| Data provided |
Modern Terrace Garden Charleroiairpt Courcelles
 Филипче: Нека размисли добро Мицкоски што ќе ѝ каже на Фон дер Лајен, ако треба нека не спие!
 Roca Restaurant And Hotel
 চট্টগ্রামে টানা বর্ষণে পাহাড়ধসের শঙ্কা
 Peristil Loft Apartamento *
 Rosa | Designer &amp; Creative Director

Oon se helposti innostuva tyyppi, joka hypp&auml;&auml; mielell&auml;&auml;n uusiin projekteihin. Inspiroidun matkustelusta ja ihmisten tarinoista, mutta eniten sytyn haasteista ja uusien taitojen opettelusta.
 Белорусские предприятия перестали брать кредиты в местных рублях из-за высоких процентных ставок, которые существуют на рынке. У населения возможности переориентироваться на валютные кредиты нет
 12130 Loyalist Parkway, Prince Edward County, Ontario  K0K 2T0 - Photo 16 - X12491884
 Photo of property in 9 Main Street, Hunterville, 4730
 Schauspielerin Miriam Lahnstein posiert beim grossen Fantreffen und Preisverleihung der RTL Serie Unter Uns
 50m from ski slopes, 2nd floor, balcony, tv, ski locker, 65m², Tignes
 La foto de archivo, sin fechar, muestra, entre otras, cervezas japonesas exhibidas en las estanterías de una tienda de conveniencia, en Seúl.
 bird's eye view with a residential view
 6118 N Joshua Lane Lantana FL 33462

| What the task asks |
From the line containing "bird's eye view with a residential view" through the closing line of the material above, return every line exactly and omit all others.

| Written response |
 bird's eye view with a residential view
 6118 N Joshua Lane Lantana FL 33462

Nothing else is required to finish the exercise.